Context
This small blog post is meant to just enumerate a list of tips for future me.
I am making the information public for the case someone else might find them useful.
Tips and Guidelines
Configurations
Disable swapping and enable bootstrap.memory_lock for ensuring performance and node stability. This will prevent operating systems from swapping the allocated memory for ES.
As per ES documentation: “Most operating systems try to use as much memory as possible for file system caches and eagerly swap out unused application memory. This can result in parts of the JVM heap or even its executable pages being swapped out to disk.”
Enable shard allocation awareness for allowing ES know about the hardware configuration. This way it can ensure that the primary shard and its replica shards are spread across different physical servers, racks, or zones, to minimize the risk of losing all shard copies at the same time.
Reducing the number of primary shards from the default 5 to 1 (see Sharding for details)
Use Index Templates to simplify creation of new indices with the desired settings and mappings.
Use Index Aliases to:
Make it possible to change a mapping and reindex to a new index without changing your client, with no downtime.
Create filtered aliases to create a view to a subset of an index
Create aliases that point to multiple indices.
AWS Recommendations
The recommended AWS instance type is i3.2xlarge because it has locally attached 1900 GiB NVMe SSDs, which means the disk access will increase the overall ES performance.
Another good practice is to distribute the nodes across multiAZ, and use shard allocation awareness to ensure that each shard has copies in more than one availability zone. Do not span a cluster across regions. Elasticsearch expects that node-to-node connections within a cluster are reasonably reliable and offer high bandwidth and low latency, and these properties do not hold for connections between regions
If networking is a bottleneck, avoid instance types with networking labelled as Moderate or Low.

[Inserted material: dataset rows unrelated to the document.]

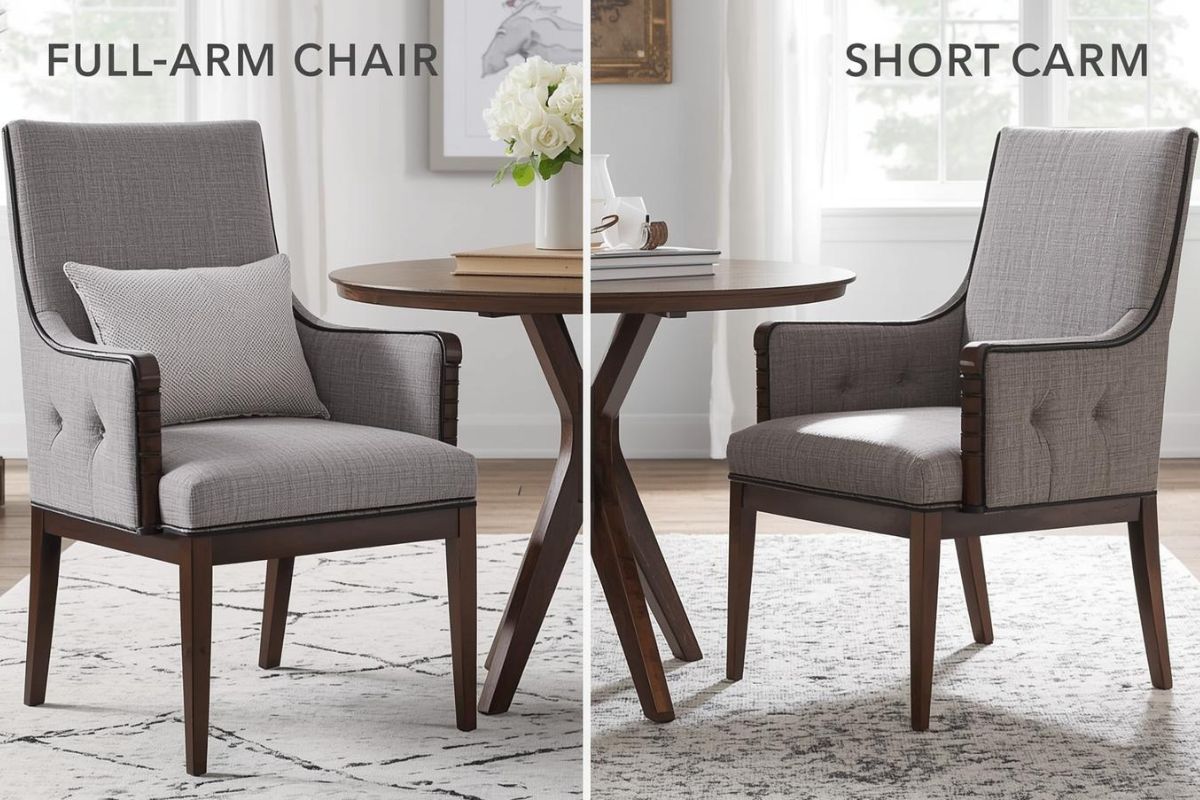 出入りがしやすいハーフアームチェアのデザイン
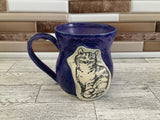 19 oz Purple Crystal Sitting Cat Ceramic Mug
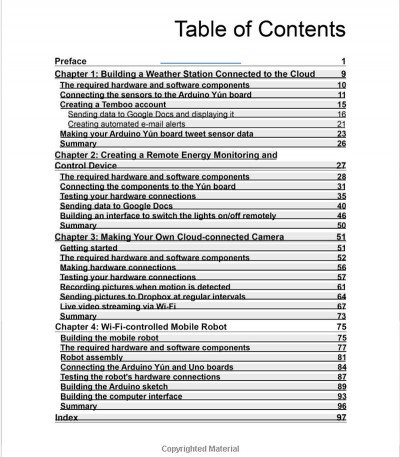 Internet of Things with the Arduino Yun Table of contents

Consider enabling termination protection for all of your data and master-eligible nodes.
Sharding
Data in ES is organized into indices. Each index is made up of one or more shards. Each shard is an instance of a Lucene index.
A Lucene index is a self contained search engine that indexes and handles queries for a subset of the data in an Elasticsearch cluster. This means each shard has an overhead in terms of memory, CPU and file handles.
As data is written to a shard, it is periodically published into new immutable Lucene segments on disk, and it is at this time it becomes available for querying.
Choosing between one node and 10 shards or 10 nodes each with a shard makes no difference at the Lucene level. But having the wrong design can lead to performance issues on the long run.
From the domain perspective, if the information can be split logically and evenly, then maybe splitting in multiple indices makes more sense.
If deletion is required, it is easier and faster to delete an entire index.
For searching, aliases can be used for increasing the response performance(ex. by entity_id).
From ES the recommendation of a shard size is in 10s of gigabytes. This means if data is less than that, then having a single index shall be preferred.
For ensuring a good health of the ES cluster, the recommendation is to keep the number of shards per node below 20 per GB it has configured. This means that a node with a 20GB heap should have maximum 400 shards. Better the have the number bellow this value. Too many shards can kill performance.
Use 1 primary shards for all indices and implement rollover index using Index Lifecycle Management.
IML - Index Lifecycle Management
Spin up a new index when an index reaches a certain size or number of documents
Create a new index each day, week, or month and archive previous ones
Delete stale indices to enforce data retention standards
Index Lifecycle Stages:
Hot—the index is actively being updated and queried.
Warm—the index is no longer being updated, but is still being queried.
Cold—the index is no longer being updated and is seldom queried. The information still needs to be searchable, but it’s okay if those queries are slower.
Delete—the index is no longer needed and can safely be deleted.
Resiliency
Avoid data loss and enable quick recovery by using Snapshot and Restore.
Snapshots are incremental, and can be saved to Amazon S3, HDFS, shared filesystem, …
Disable deleting indices via wildcard.
Disable automatically adding new fields to index mapping by setting dynamic mapping to false or strict.
Monitoring
Monitoring can be put in place with Logstash, Beats and Kibana.
Use watchers for alarming in case of exceptional situations, e.g. index grows too large or disk space runs low.
A watch’s actions define what to do when the watch condition evaluates to true. You can send emails, call third-party webhooks, write documents to an Elasticsearch index, or log messages to the standard Elasticsearch log files.